_Exercise details_
Only one portion of the data is to be written out: from the line bearing "Q32. Who signified" through the line bearing "Hello, everyone. Warm". Write it exactly as it appears.

_Material supplied_
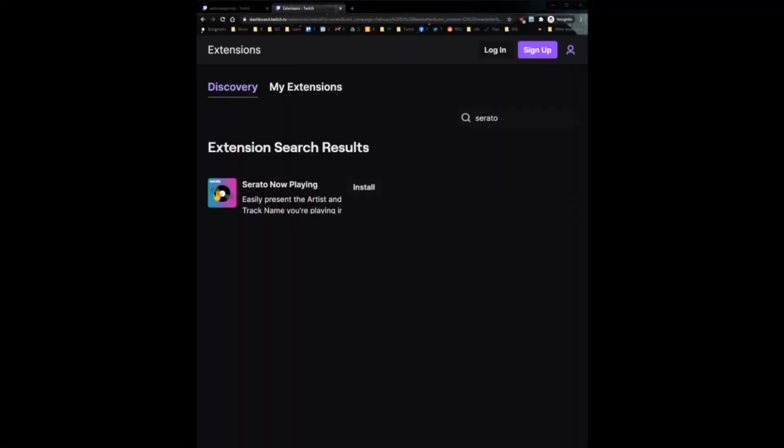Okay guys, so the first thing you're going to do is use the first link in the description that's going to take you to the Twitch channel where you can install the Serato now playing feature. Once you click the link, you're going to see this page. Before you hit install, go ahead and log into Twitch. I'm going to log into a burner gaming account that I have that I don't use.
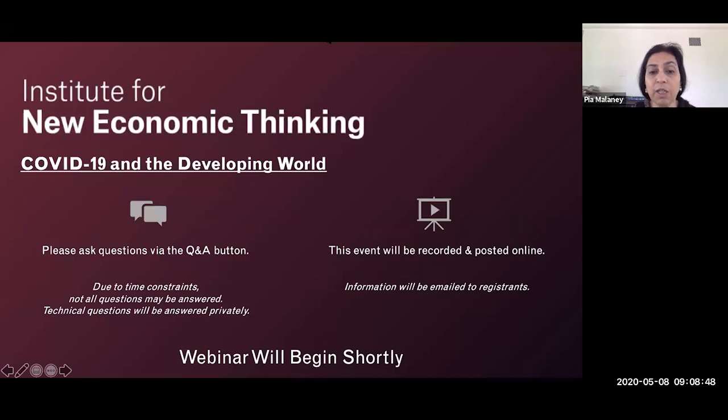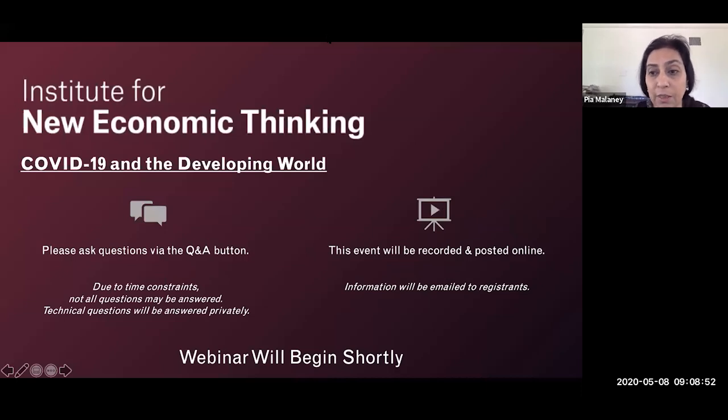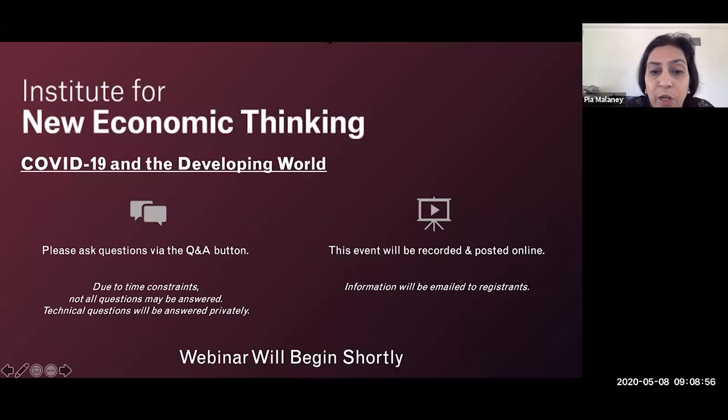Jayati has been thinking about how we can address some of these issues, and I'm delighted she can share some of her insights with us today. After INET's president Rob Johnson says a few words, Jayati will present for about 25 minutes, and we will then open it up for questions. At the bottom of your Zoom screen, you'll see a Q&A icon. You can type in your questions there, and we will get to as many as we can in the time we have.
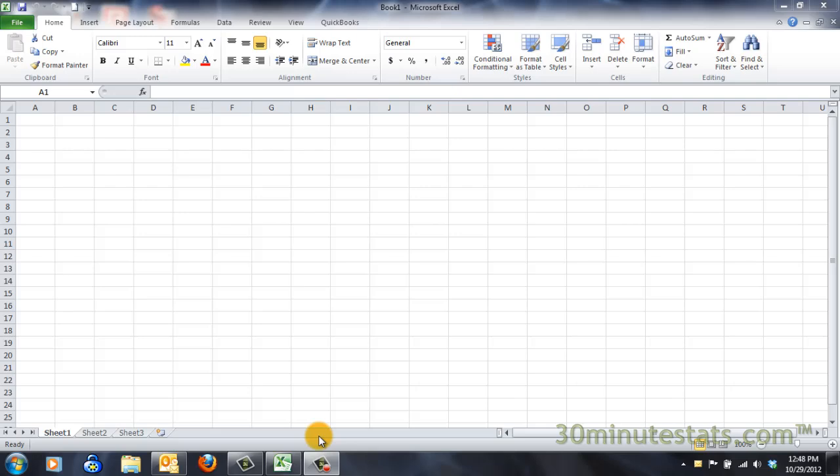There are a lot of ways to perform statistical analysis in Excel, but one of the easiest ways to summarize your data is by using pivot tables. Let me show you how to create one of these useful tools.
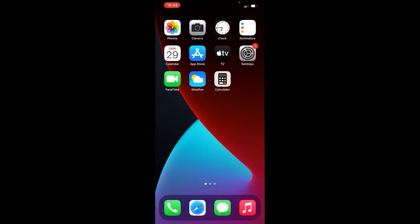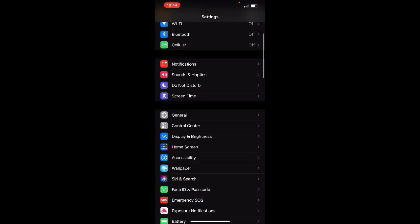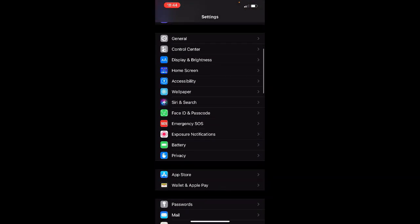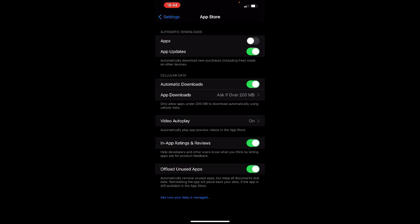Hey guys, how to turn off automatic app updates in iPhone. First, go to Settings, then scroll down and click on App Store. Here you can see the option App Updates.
==
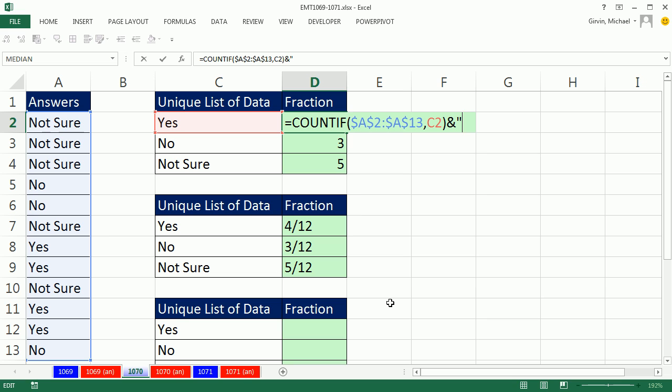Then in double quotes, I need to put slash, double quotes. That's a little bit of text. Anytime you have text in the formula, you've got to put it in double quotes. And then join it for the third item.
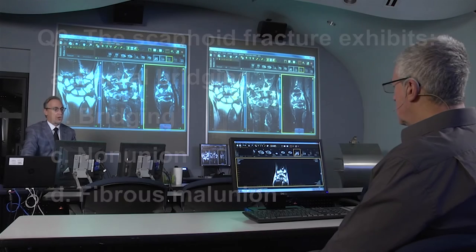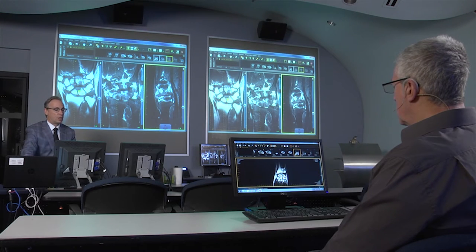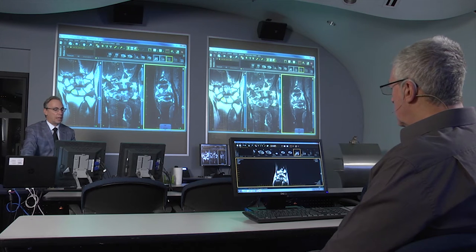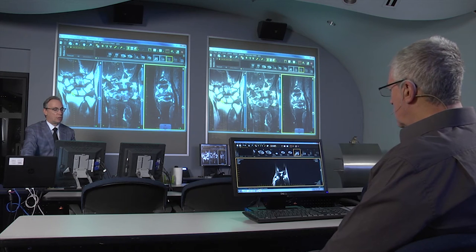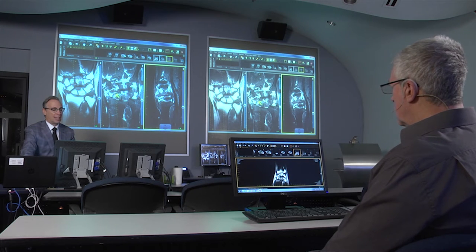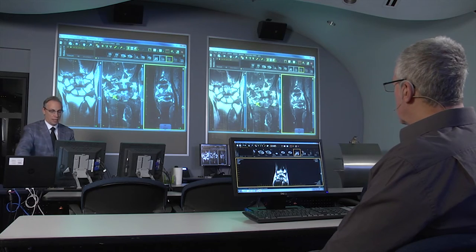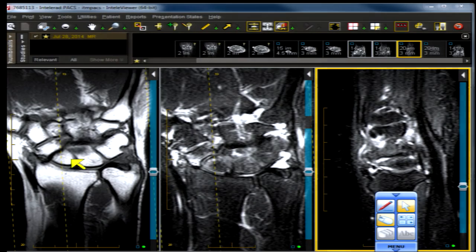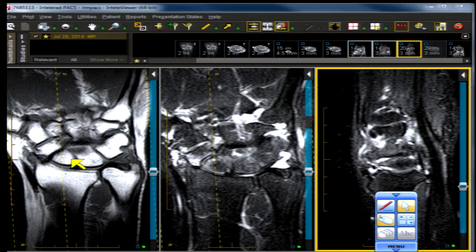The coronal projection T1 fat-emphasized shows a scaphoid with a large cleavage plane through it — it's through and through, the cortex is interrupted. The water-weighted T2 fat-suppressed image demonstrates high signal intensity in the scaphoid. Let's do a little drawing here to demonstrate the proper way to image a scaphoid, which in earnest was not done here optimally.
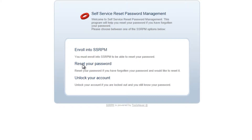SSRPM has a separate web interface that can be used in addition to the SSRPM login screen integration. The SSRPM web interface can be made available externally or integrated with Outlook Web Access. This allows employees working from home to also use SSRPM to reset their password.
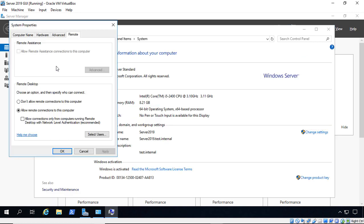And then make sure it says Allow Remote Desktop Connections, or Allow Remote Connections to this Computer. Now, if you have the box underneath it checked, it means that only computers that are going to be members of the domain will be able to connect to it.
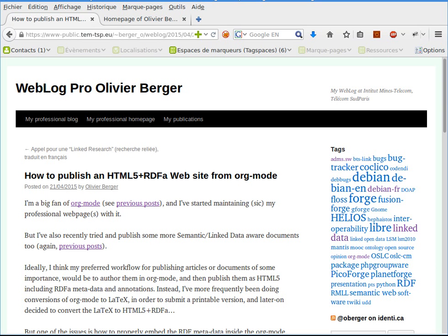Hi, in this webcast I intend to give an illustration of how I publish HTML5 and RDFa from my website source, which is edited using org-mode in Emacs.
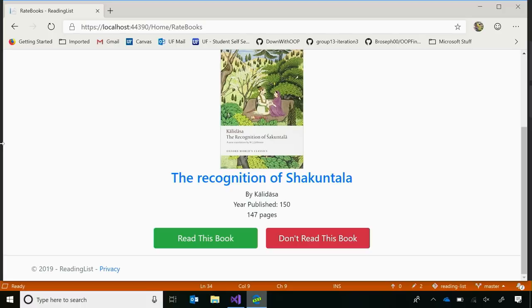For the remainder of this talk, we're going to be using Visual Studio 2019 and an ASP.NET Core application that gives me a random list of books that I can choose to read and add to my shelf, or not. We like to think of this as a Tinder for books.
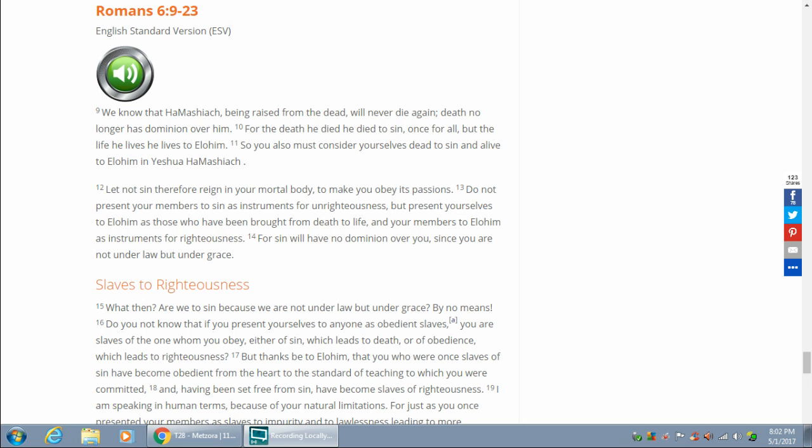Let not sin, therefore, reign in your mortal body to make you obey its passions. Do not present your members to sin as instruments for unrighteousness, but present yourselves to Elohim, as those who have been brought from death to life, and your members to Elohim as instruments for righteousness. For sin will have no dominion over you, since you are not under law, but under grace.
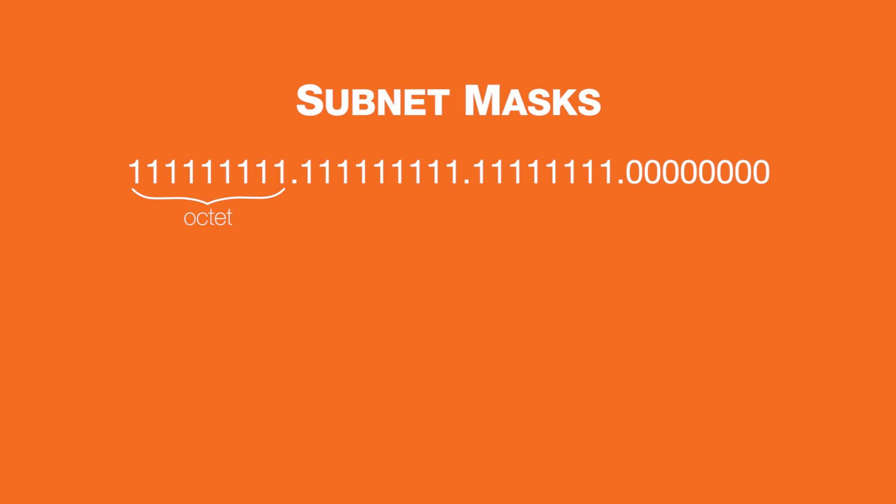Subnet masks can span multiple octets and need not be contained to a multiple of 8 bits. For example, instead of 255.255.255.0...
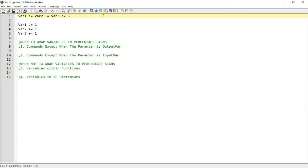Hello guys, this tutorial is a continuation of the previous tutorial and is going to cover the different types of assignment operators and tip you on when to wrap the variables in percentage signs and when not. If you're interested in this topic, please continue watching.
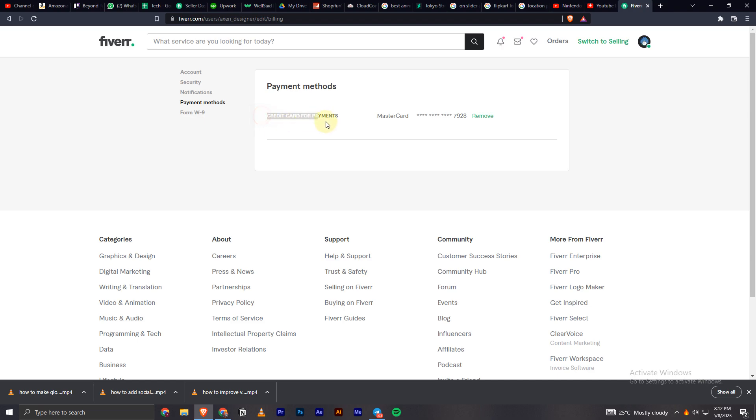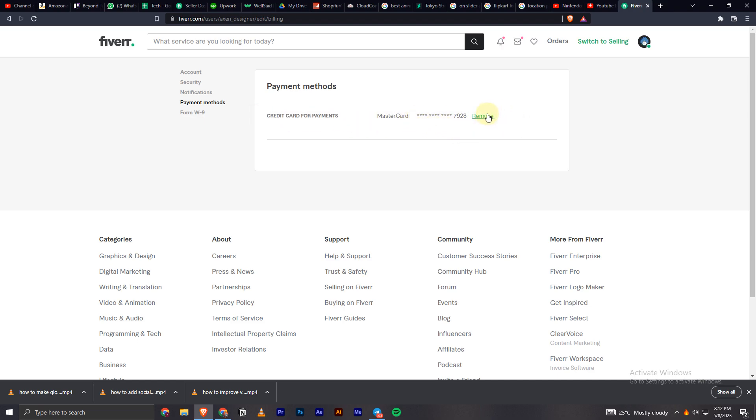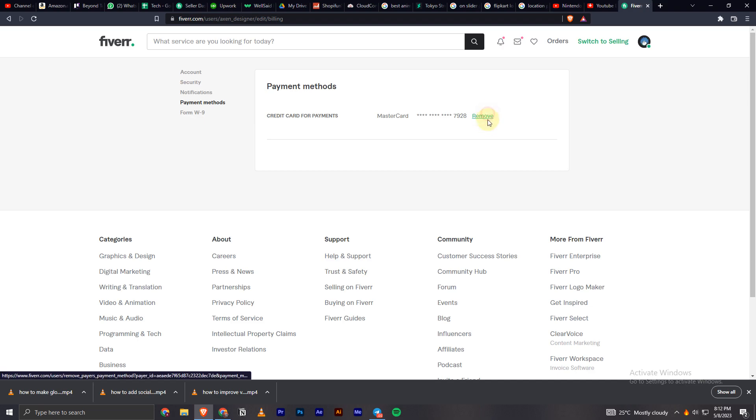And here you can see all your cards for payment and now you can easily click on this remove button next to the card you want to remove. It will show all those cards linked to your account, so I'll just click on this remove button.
* * *
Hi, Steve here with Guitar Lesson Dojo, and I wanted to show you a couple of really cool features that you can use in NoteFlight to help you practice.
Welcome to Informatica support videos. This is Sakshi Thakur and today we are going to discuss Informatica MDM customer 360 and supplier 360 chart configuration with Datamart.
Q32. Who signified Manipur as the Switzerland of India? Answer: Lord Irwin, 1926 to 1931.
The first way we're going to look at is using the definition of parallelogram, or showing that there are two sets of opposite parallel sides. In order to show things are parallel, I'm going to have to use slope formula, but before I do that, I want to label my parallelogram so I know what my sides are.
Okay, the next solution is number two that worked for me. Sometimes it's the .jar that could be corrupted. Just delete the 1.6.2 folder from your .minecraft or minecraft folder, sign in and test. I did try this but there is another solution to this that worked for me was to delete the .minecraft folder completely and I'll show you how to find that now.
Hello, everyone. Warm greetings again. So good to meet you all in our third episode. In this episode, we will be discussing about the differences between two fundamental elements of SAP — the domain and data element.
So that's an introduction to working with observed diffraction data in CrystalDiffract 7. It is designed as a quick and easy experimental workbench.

_Reply to the exercise_
Q32. Who signified Manipur as the Switzerland of India? Answer: Lord Irwin, 1926 to 1931.
The first way we're going to look at is using the definition of parallelogram, or showing that there are two sets of opposite parallel sides. In order to show things are parallel, I'm going to have to use slope formula, but before I do that, I want to label my parallelogram so I know what my sides are.
Okay, the next solution is number two that worked for me. Sometimes it's the .jar that could be corrupted. Just delete the 1.6.2 folder from your .minecraft or minecraft folder, sign in and test. I did try this but there is another solution to this that worked for me was to delete the .minecraft folder completely and I'll show you how to find that now.
Hello, everyone. Warm greetings again. So good to meet you all in our third episode. In this episode, we will be discussing about the differences between two fundamental elements of SAP — the domain and data element.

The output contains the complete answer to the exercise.